Re: [Classifier4j-devel] Bayesian with multiple categories

From: Nick L. <ni...@ma...> - 2006-03-02 11:56:50

package net.sf.classifier4J.vector;

import java.io.Serializable;
import java.util.HashMap;
import java.util.Hashtable;
import java.util.Map;
import java.util.Set;


public class MyHashMapTermVectorStorage implements TermVectorStorage, Serializable {
    private static final long serialVersionUID = 1L;
    private Map storage;
    
    
    public MyHashMapTermVectorStorage(int amount)
    {
        storage = new HashMap(amount);
    }
    

    
    public MyHashMapTermVectorStorage()
    {
        storage = new HashMap();
    }
    
    /**
     * @see net.sf.classifier4J.vector.TermVectorStorage#addTermVector(java.lang.String, net.sf.classifier4J.vector.TermVector)
     */
    public void addTermVector(String category, TermVector termVector) {
        //storage.put(category, termVector);        
        //modified: Abelssoft, Sven Abels, 16.03.2005:
              
        TermVector old=(TermVector)storage.get(category);
        if (old==null) storage.put(category, termVector);
        else
        {
            old.add(termVector);
            storage.put(category, old);
        }
    }

    /**
     * @see net.sf.classifier4J.vector.TermVectorStorage#getTermVector(java.lang.String)
     */
    public TermVector getTermVector(String category) {
        return (TermVector) storage.get(category);
    }
    
    public int size()
    {
        if (storage==null) return 0;
        return storage.size();
    }

}

[Classifier4j-devel] Bayesian with multiple categories

From: <Ric...@er...> - 2006-03-01 15:04:26

Apologies in advance if this comes through in HTML, I'm stuck
on Lotus Notes here at work.

I have a bunch of legislative text, around 400,000 individual
paragraphs, that have each been hand-categorized into one of
five categories.

Since I have a few hundred thousand still to go, I thought the
Bayesian classifier could give me a leg up on this process.

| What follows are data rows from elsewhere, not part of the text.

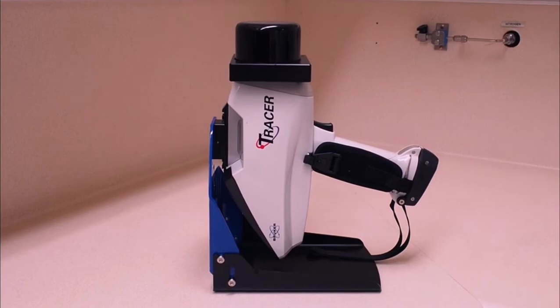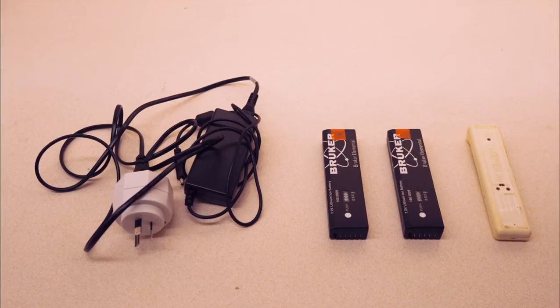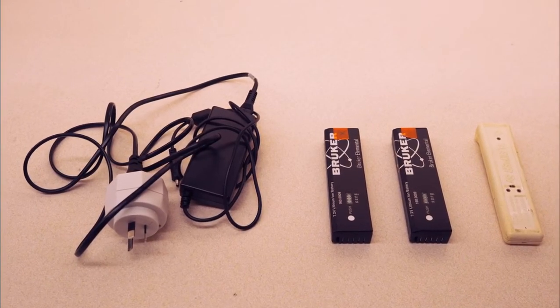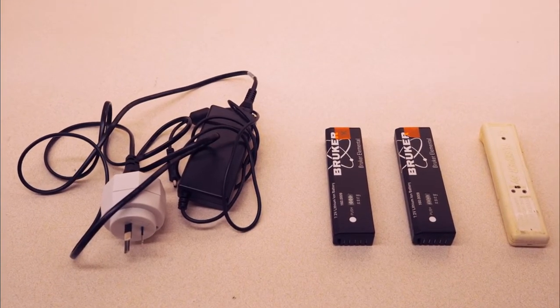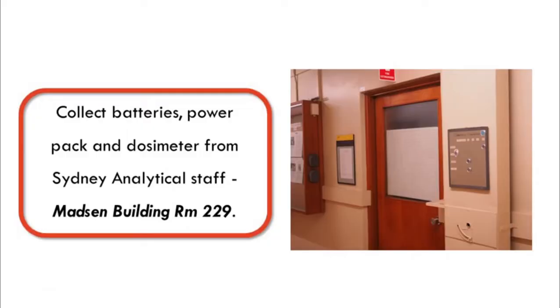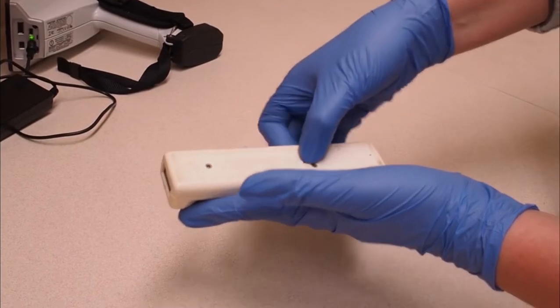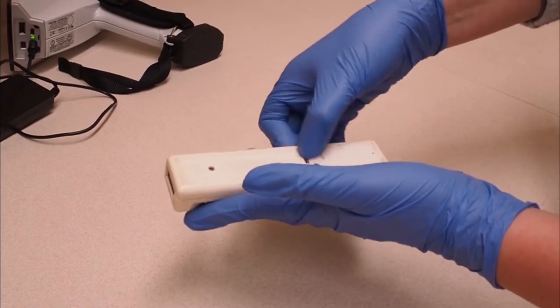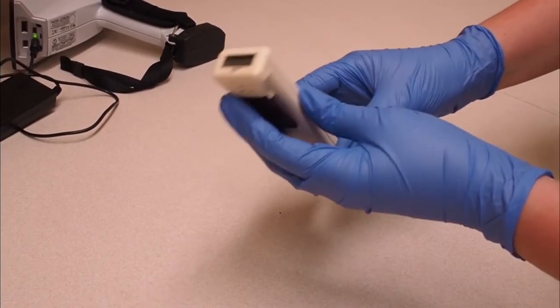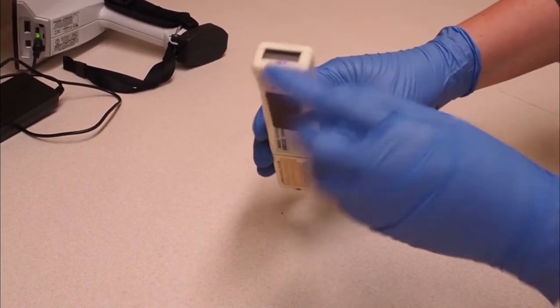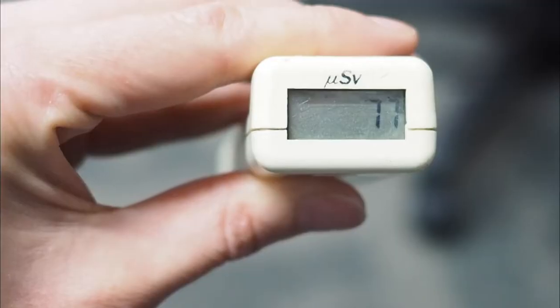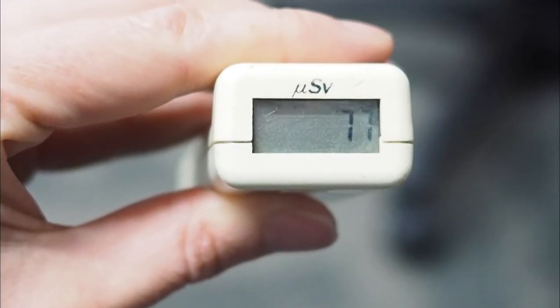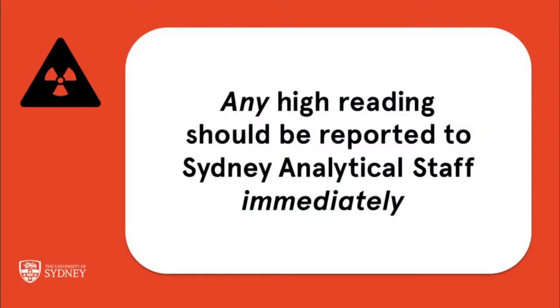For security, the batteries and power pack are kept separate to the instrument. You need to collect these along with the user dosimeter from Sydney analytical staff whenever you are using the tracer. Keep the dosimeter on you at all times while using the instrument. Inform staff of the final reading once you have finished your booking. Should any high reading be recorded at any point during use, inform staff immediately.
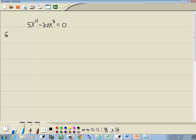Well, this method would be GCF. They both have five, and they both have at least two x's. So I factor out a 5x squared, and that leaves me x squared minus 4.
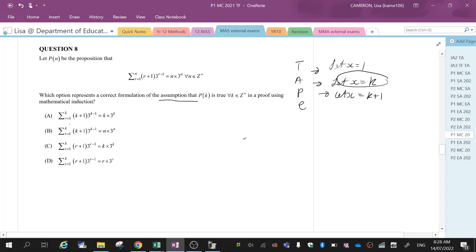So over here, you can see that we've got k at the top here for all of them. So that's good, that's in the right position. Now underneath it's got r equals one in all of them, which is good, that's in the right position.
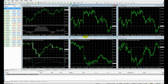Welcome back to capexforextrading.com. In this video, we're going to look at a few things that you need to do in order to set up your trading software. What I've got in front of me here is a trading platform, but one thing you need to bear in mind is that different brokers offer different platforms.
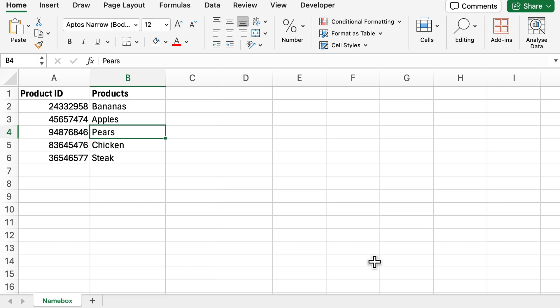So what we have here is some dummy data with some product IDs and products. I'm going to look to select the first product ID of A2 and the second product of apples.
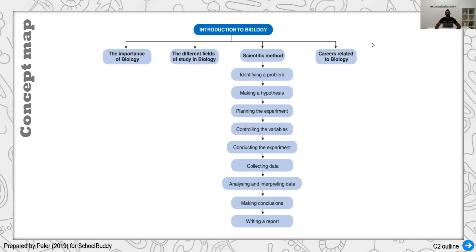The career paths related to biology are for those who have studied biology and can apply these concepts. For example, careers related to medicine — if you want to be a doctor, you need a strong foundation in biology. Research also requires a biology background. Working in a laboratory as a technician requires a biology background. And this is not limited to that; there are other branches of careers that require biology as well.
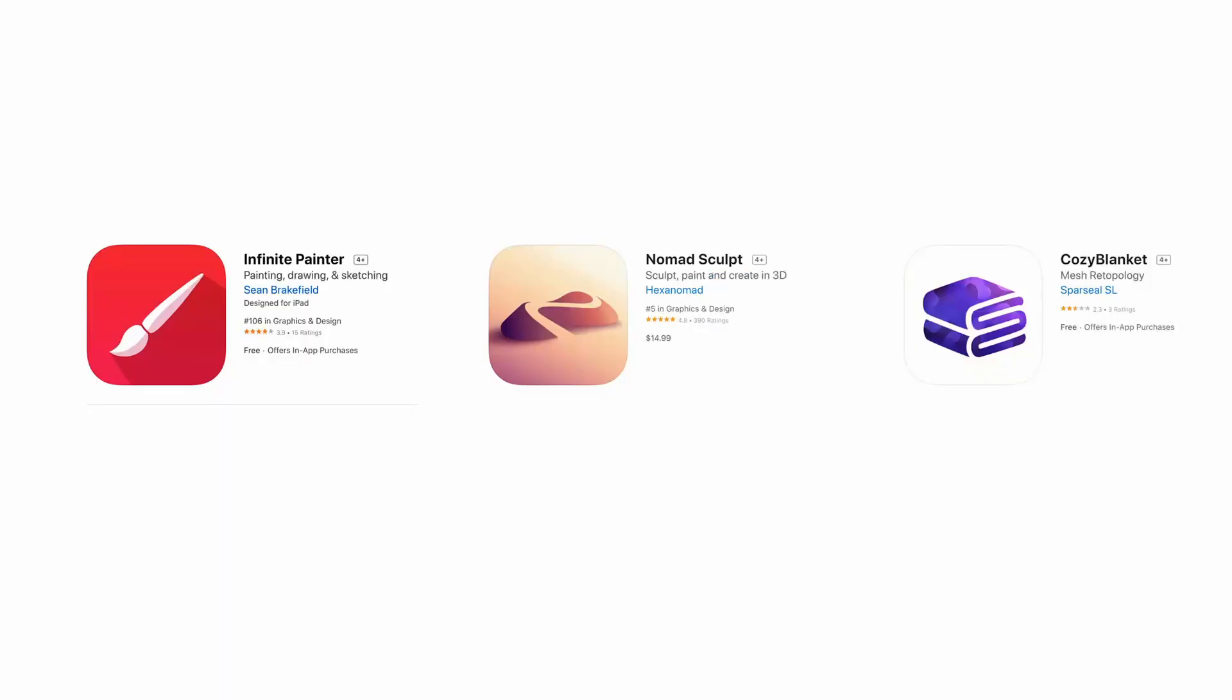Hey guys, currently I've been experimenting with three cool iPad apps. That is Infinite Painter, Nomad Sculpt, and Cozy Blanket.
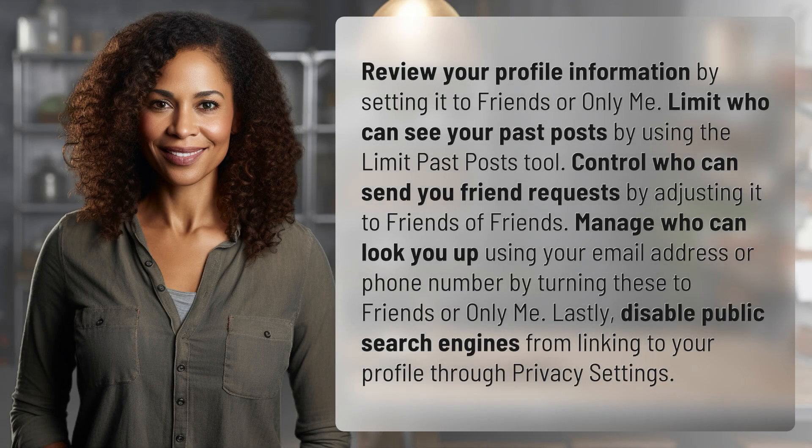Review your profile information by setting it to friends or only me. Limit who can see your past posts by using the limit past posts tool. Control who can send you friend requests by adjusting it to friends of friends. Manage who can look you up using your email address or phone number by turning these to friends or only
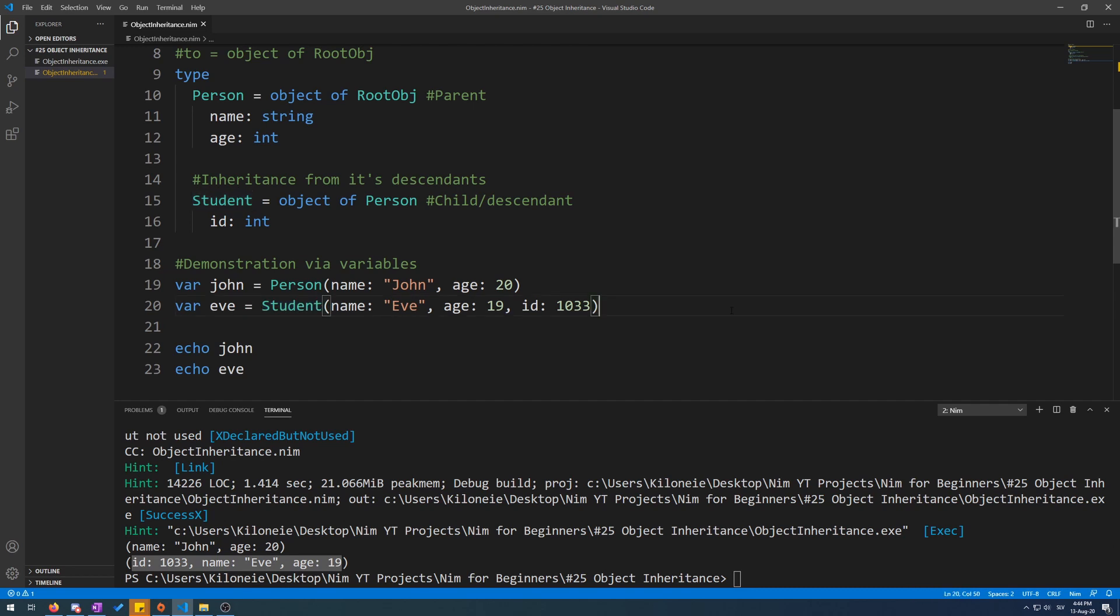This is how inheritance works in Nim. You can use the inheritable pragma to introduce new object roots, apart from root OBJ. But that is the subject of another video.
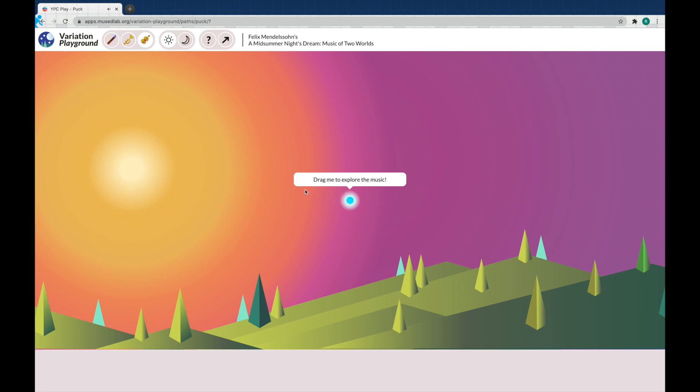So now as you can see you just drag this little dot around and you can explore the music. If you go lower you'll only hear lower instruments and the music will be softer. As you drag it up it will become more intense. Over on the left side it will be a little calmer and over on the right side it will be more busy. Let's just go ahead and listen a little bit.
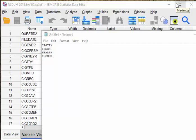In this video, I will show you how to use the keep subcommand under the match files command in SPSS to keep a small collection of variables in the dataset and remove the rest of the variables from the dataset.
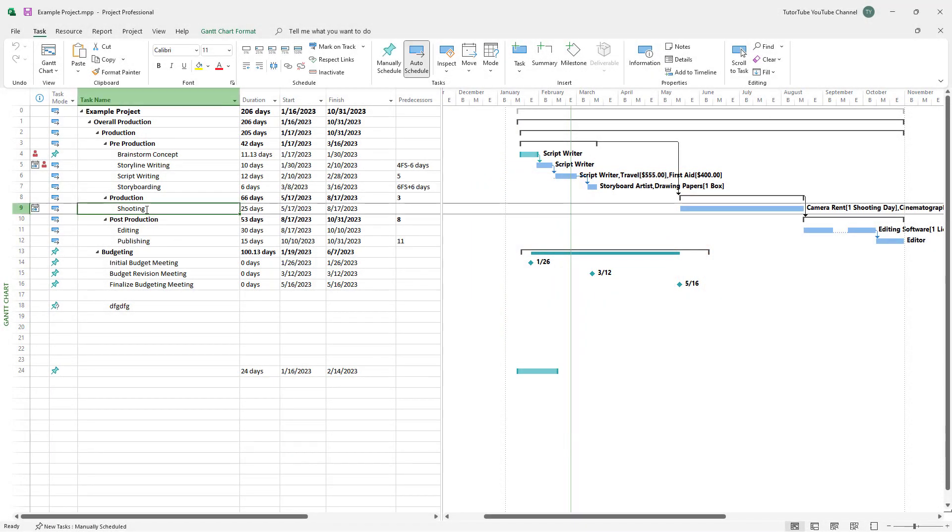If you have a single task inside of Microsoft Project, then you can split it out as you wish. For example, you can see that shooting takes 25 days right here.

So I wrote a little trainer that does something like the
following:

switch(existingcategory){
  case "category1":
        classifier.TeachMatch("category1", mytext);
        classifier.TeachNonMatch("category2", mytext);
        classifier.TeachNonMatch("category3", mytext);
        classifier.TeachNonMatch("category4", mytext);
        classifier.TeachNonMatch("category5", mytext);
        break;
  case "category2":
        classifier.TeachNonMatch("category1", mytext);
        classifier.TeachMatch("category2", mytext);
        classifier.TeachNonMatch("category3", mytext);
        classifier.TeachNonMatch("category4", mytext);
        classifier.TeachNonMatch("category5", mytext);
        break;
  case "category3":
        classifier.TeachNonMatch("category1", mytext);
        classifier.TeachNonMatch("category2", mytext);
        classifier.TeachMatch("category3", mytext);
        classifier.TeachNonMatch("category4", mytext);
        classifier.TeachNonMatch("category5", mytext);
        break;
  case "category4":
        ...
}

The problem is, *one* of the categories is *much* more common than
the others, so it gets more matches and fewer non-matches for almost
*any* word.

So, now when I send a new string through the trained classifier and
compare the scores, that category almost always wins out, and in a
big way (generally around 99% for it, 1% for the others).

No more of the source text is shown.